◆ AIM OF THE TASK ◆
From the line that holds "Characterization and analytical" down to the last line of the listing below, transcribe exactly and only those lines. Leave pictures out.

◆ DATA PROVIDED ◆
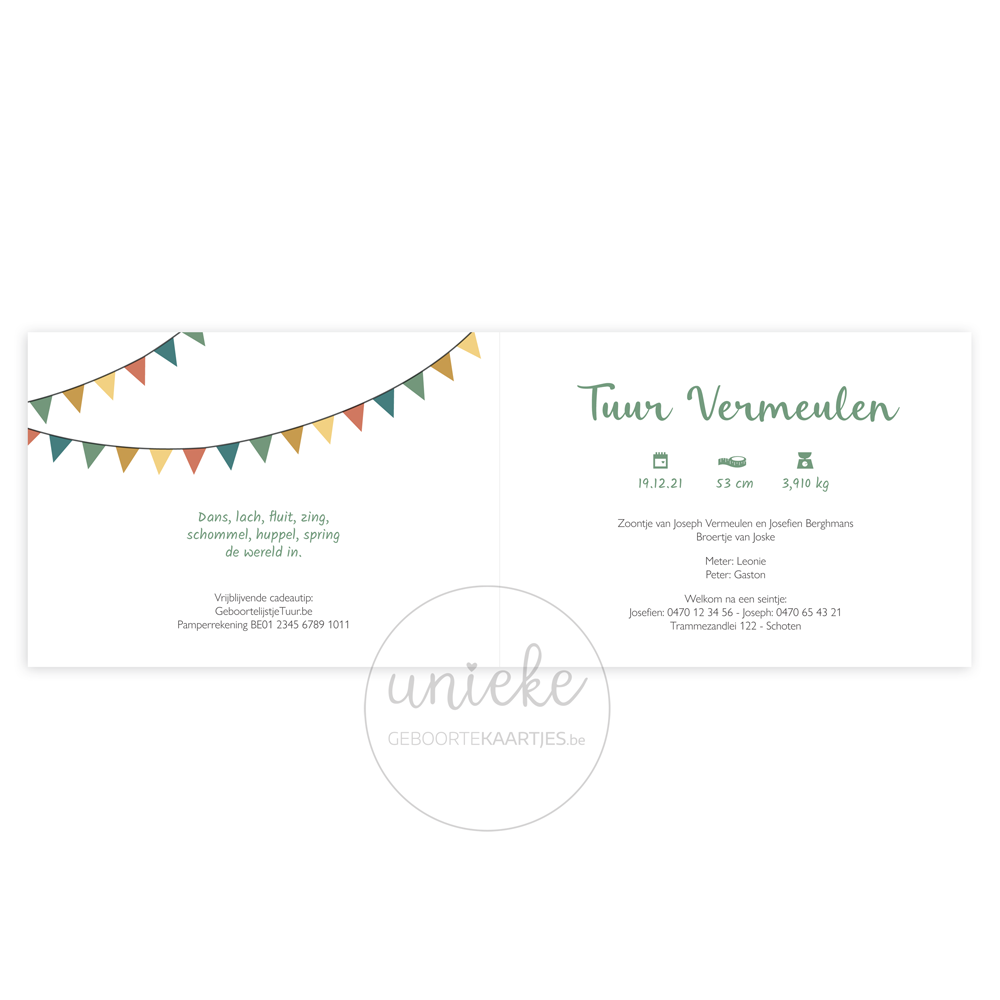 Binnenkant van het kaartje van Tuur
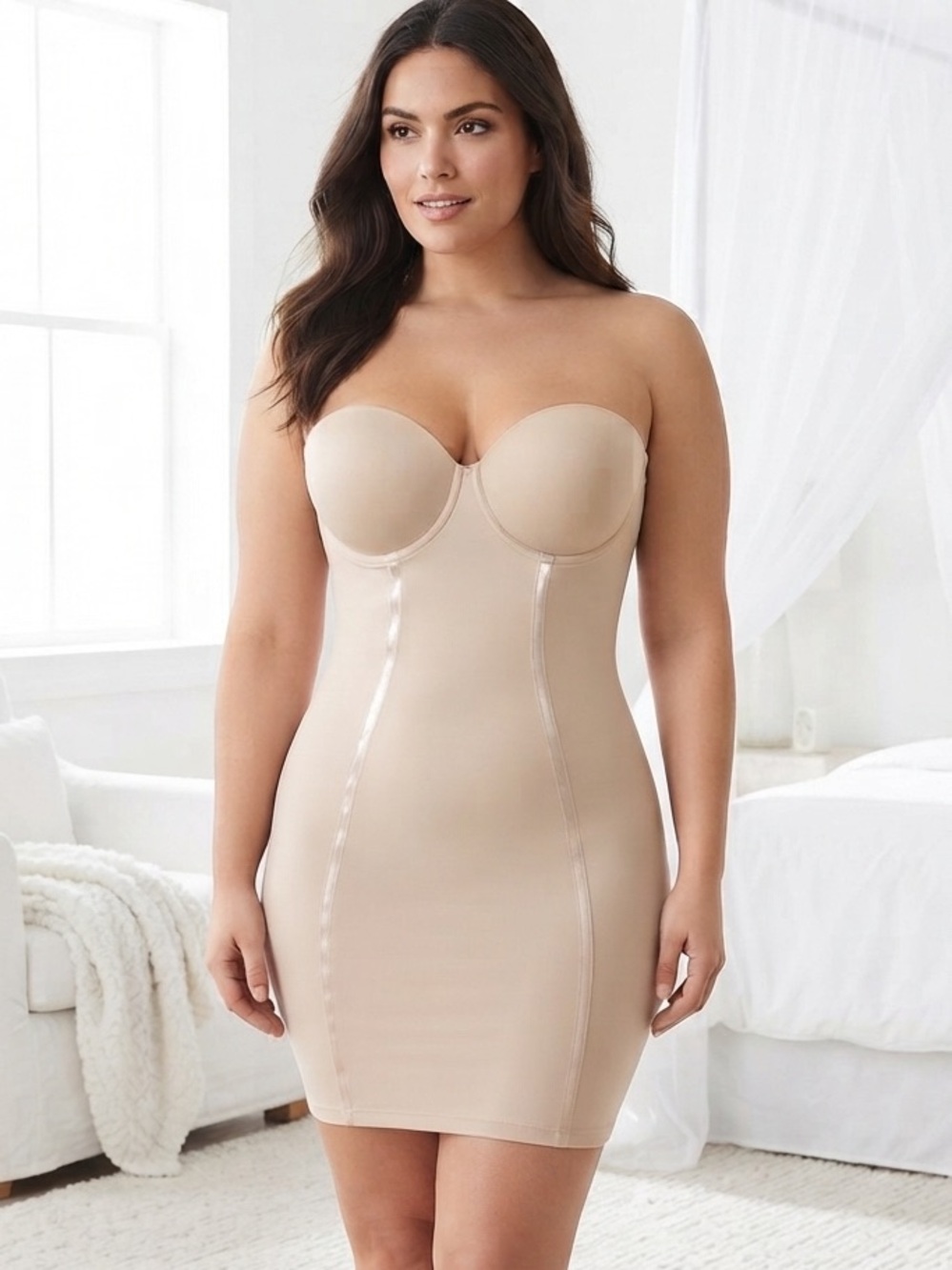 EUC Maidenform Nude Intimate Contour Bodysuit Undergarment Bra Removable Strap L
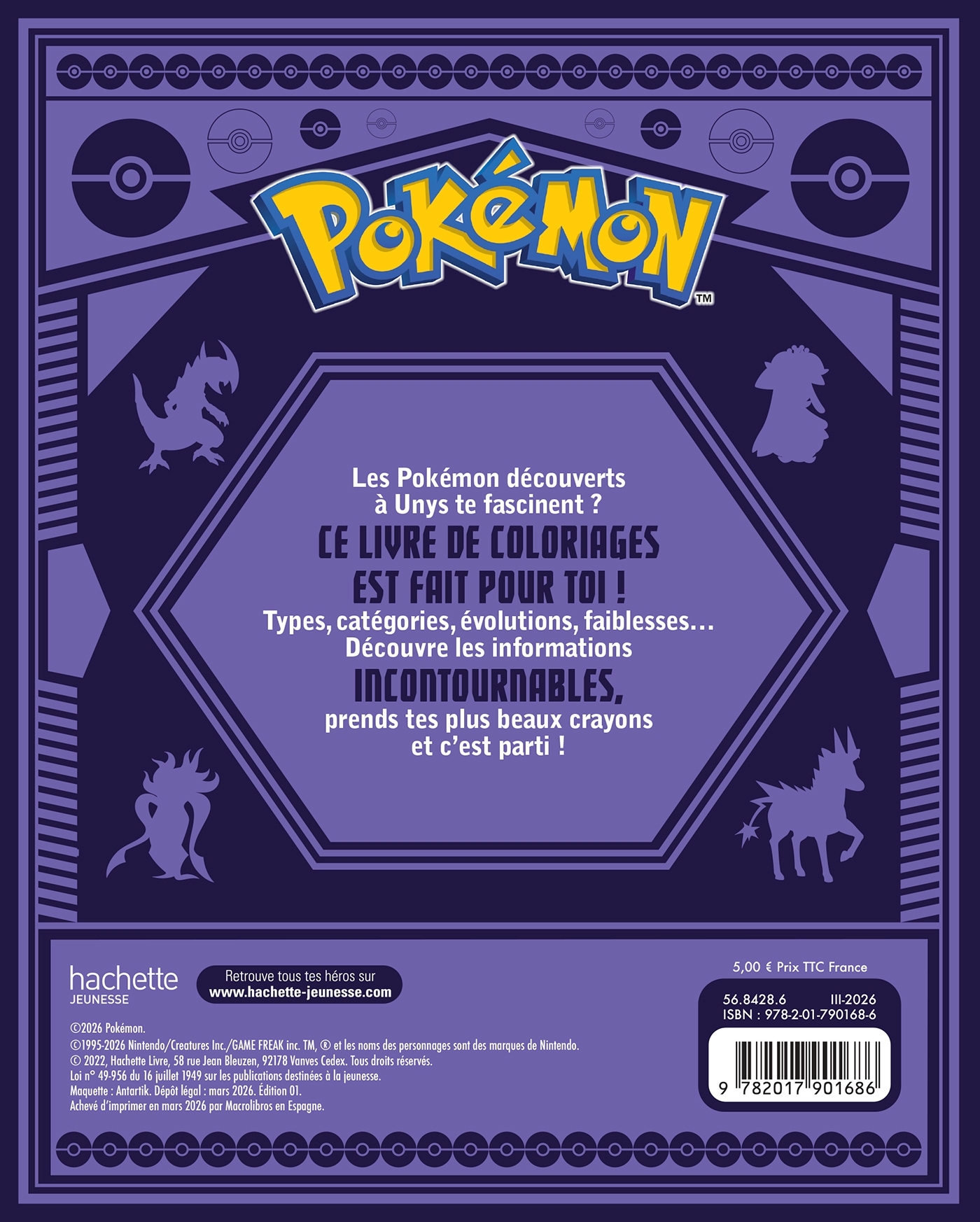 Pokémon - Pokedex à colorier Unys - ERICK ALEXANDERSON ROSAS,   - HACHETTE JEUN.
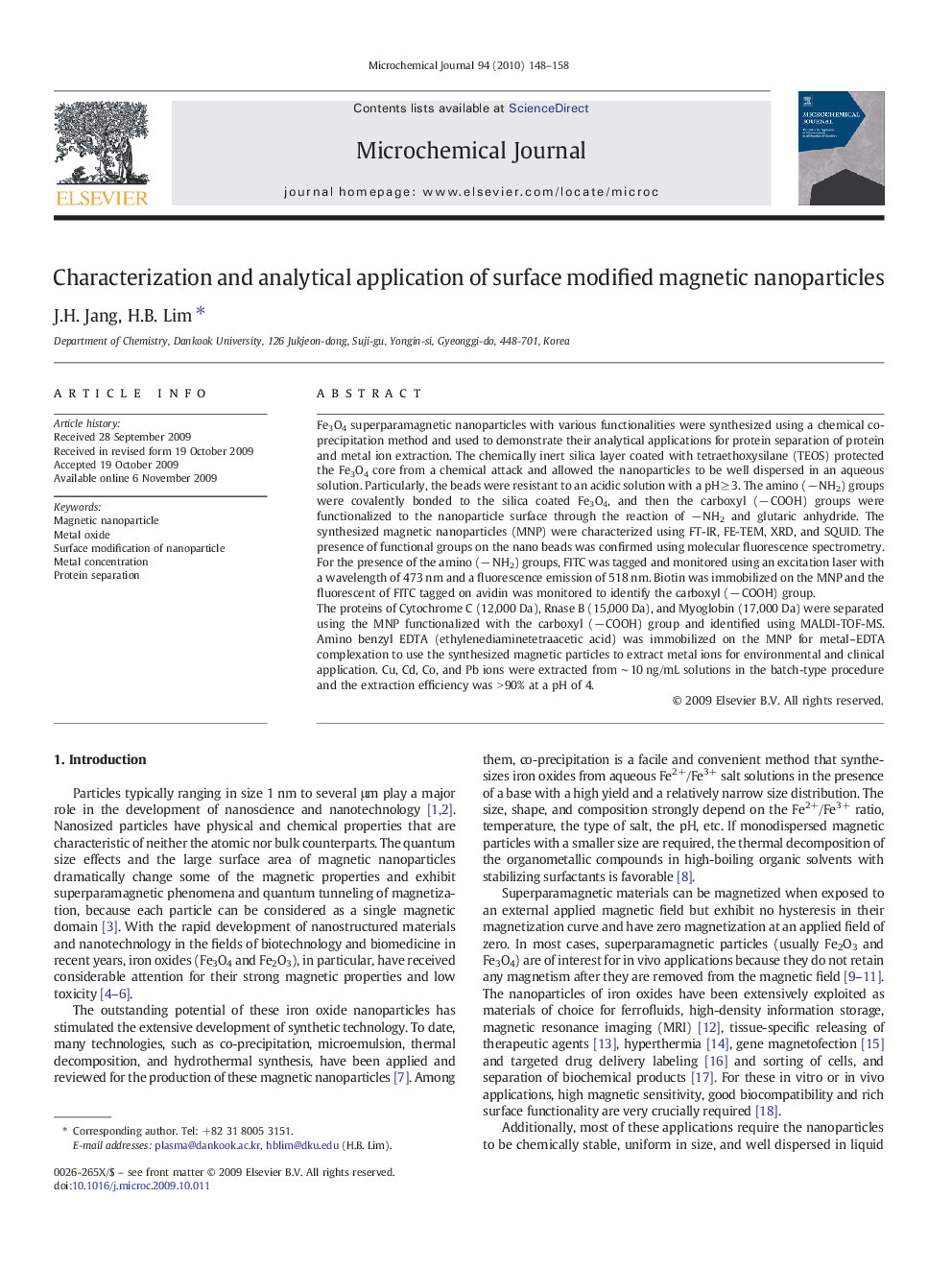 Characterization and analytical application of surface modified magnetic nanoparticles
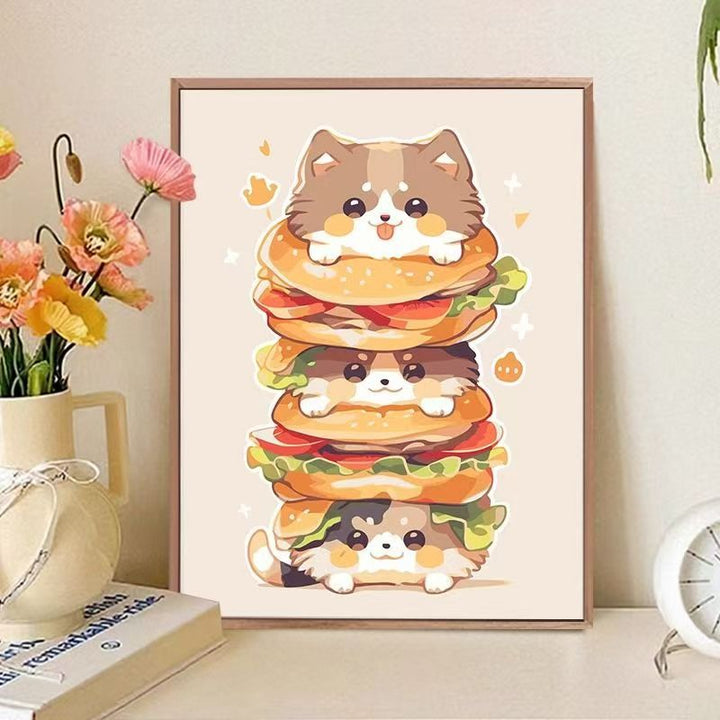 Playful Cat-Themed Food Art Print Kalsten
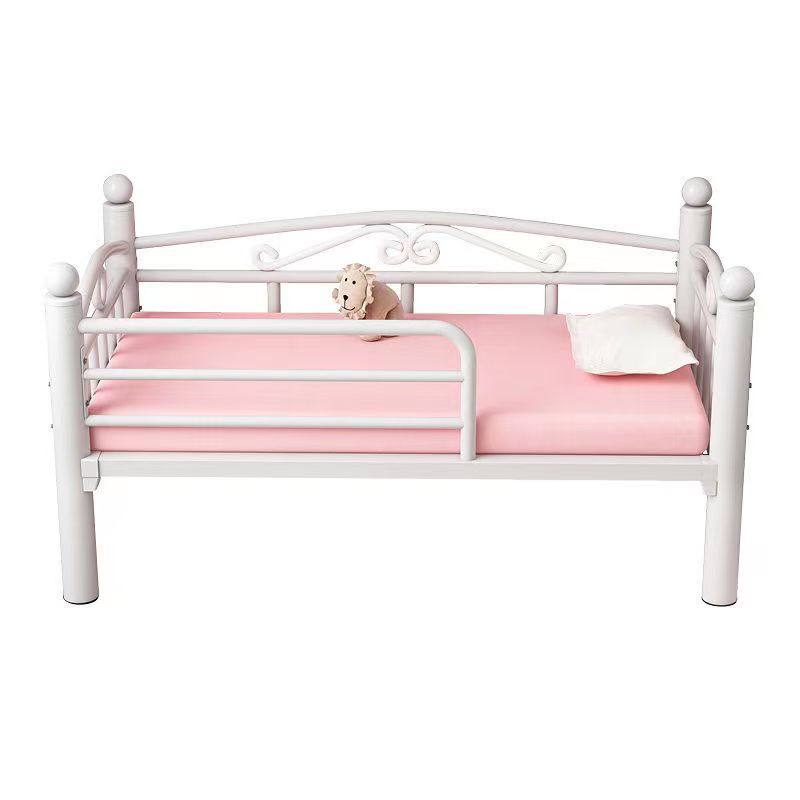 Metal Nursery Crib White Industrial Nursery Bed with Guardrail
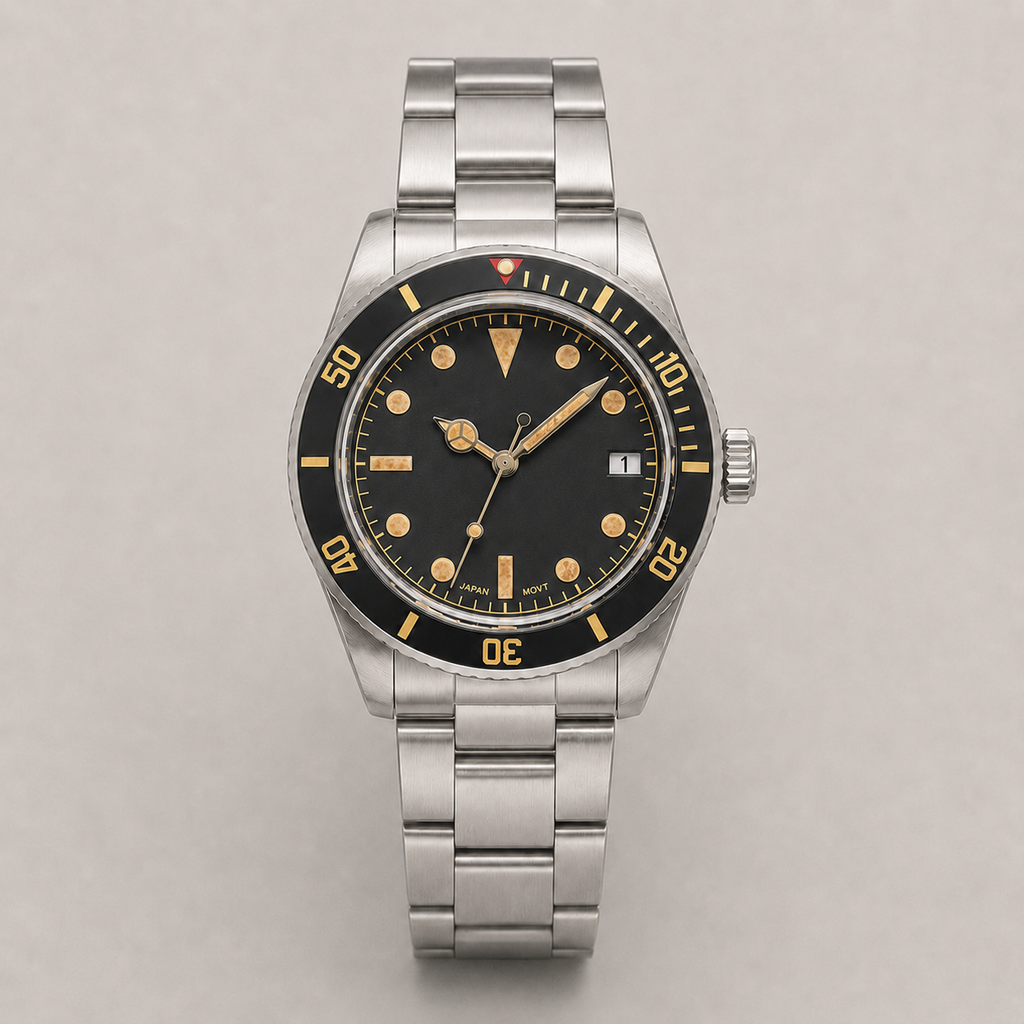 39mm Vintage Black-Bezel Automatic Dive Watch – NH35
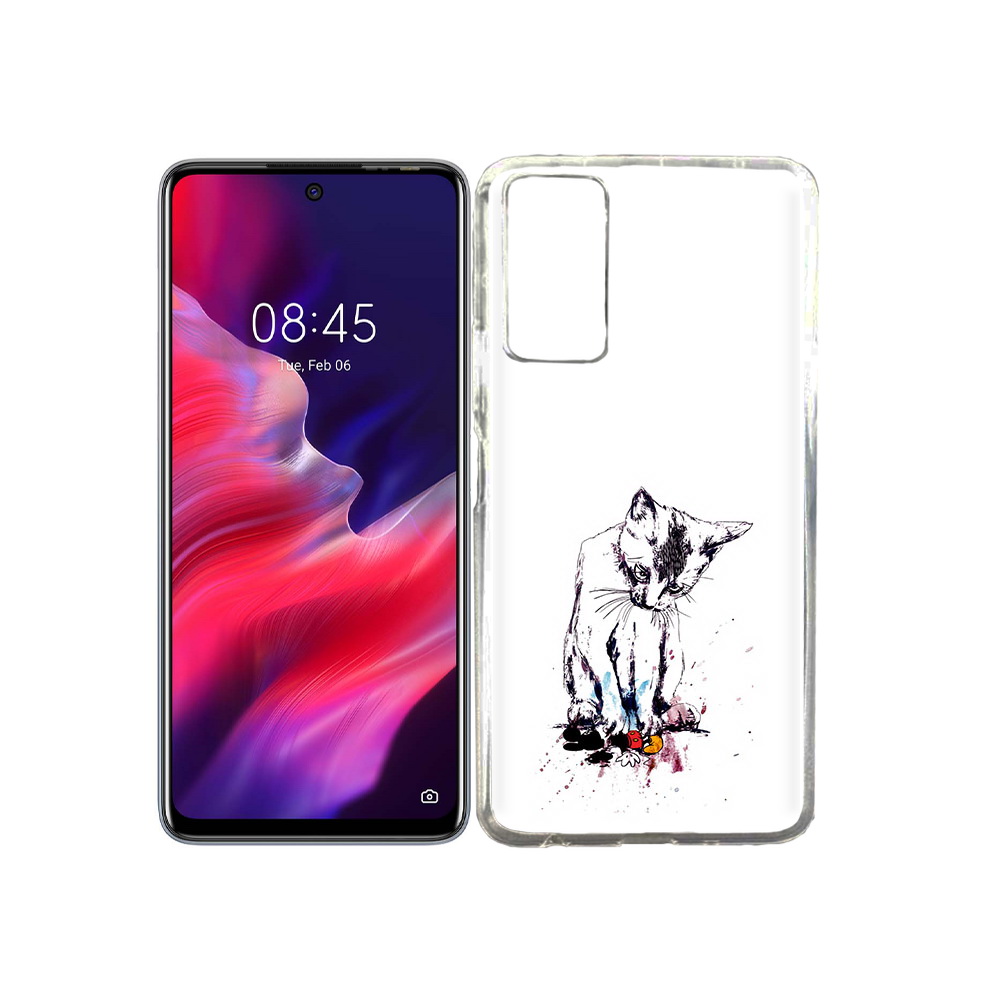 

Чехол MyPads Tocco для Tecno Pova 2 кот и микки, Прозрачный, Tocco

◆ PROBLEM SOLUTION ◆
 Characterization and analytical application of surface modified magnetic nanoparticles
 Playful Cat-Themed Food Art Print Kalsten
 Metal Nursery Crib White Industrial Nursery Bed with Guardrail
 39mm Vintage Black-Bezel Automatic Dive Watch – NH35

Чехол MyPads Tocco для Tecno Pova 2 кот и микки, Прозрачный, Tocco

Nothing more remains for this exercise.